Calling the ocean “the 900-pound gorilla of global warming and climate change,” oceanographer Josh Willis of NASA’s Jet Propulsion Laboratory in Pasadena, Calif., says he’s excited to finally see long-term climate projections homing in on the ocean’s role. “How the oceans affect the great ice sheets in Greenland and Antarctica could mean the difference between getting two feet and six feet of sea level rise in the coming century,” observes Willis, who had no role in the new analysis. “So this is a big deal.”

Until now, “no one had noticed that the ocean surrounding Greenland and Antarctica will warm very differently during this century and the next,” says climate modeler Jianjun Yin of the University of Arizona in Tucson, who led the new study, published online July 3 in Nature Geoscience. Although his group’s conclusions come from computer analyses, Yin notes that the study’s projections “are quite consistent with recent observations of subsurface ocean temperatures around Greenland.”

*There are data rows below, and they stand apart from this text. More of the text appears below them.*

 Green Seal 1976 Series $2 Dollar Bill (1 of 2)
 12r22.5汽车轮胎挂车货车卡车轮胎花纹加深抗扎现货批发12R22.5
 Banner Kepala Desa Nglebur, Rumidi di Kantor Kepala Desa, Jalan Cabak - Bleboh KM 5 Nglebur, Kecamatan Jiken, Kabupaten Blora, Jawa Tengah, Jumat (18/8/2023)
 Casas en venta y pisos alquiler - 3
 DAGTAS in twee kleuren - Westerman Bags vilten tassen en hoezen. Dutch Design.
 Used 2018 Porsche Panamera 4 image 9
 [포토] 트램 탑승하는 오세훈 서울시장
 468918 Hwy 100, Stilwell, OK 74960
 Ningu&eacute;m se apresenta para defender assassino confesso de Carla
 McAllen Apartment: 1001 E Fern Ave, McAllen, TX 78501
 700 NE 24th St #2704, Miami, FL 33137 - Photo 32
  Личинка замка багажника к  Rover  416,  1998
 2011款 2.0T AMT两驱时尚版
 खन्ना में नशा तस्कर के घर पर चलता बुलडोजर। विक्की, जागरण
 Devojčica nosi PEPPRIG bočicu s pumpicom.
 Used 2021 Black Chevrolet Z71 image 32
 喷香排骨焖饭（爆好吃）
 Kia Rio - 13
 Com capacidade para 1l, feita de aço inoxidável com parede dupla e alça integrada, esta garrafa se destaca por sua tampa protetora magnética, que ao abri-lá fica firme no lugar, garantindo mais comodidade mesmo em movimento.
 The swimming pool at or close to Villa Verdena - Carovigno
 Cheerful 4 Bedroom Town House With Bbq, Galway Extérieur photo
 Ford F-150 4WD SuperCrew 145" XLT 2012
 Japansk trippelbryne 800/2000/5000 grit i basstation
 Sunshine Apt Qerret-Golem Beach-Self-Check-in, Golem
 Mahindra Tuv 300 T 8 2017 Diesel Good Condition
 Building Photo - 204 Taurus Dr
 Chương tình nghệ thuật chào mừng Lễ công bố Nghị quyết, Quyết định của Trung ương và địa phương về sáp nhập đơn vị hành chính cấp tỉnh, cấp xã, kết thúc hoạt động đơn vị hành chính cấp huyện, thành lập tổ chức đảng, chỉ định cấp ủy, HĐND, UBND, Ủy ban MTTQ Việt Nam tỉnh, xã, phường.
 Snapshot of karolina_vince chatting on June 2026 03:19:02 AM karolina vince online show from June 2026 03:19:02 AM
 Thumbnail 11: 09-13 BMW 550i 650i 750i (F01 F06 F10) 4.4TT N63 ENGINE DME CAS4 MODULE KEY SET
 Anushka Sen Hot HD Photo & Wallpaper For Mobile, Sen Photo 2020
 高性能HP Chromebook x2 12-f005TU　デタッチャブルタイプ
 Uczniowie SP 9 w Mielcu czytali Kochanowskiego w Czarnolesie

Yin’s team ran 19 computer programs to project the effects of global climate change on the world’s great bodies of water, many for periods through 2200. These analyses consistently turned up surprises, Jin says, including signs of substantial warming during the next 90 years and beyond in waters off Greenland at depths of 200 to 500 meters. The increase, projected to total about 2° Celsius, could erode the base of glaciers in fjords, where the ice can reach as deep as 1,000 meters below the ocean surface. And unlike the glacial surface, which remains frozen in winter, the deeply submerged portions of tidal glaciers can melt year-round, Yin says, greatly accelerating their underwater calving.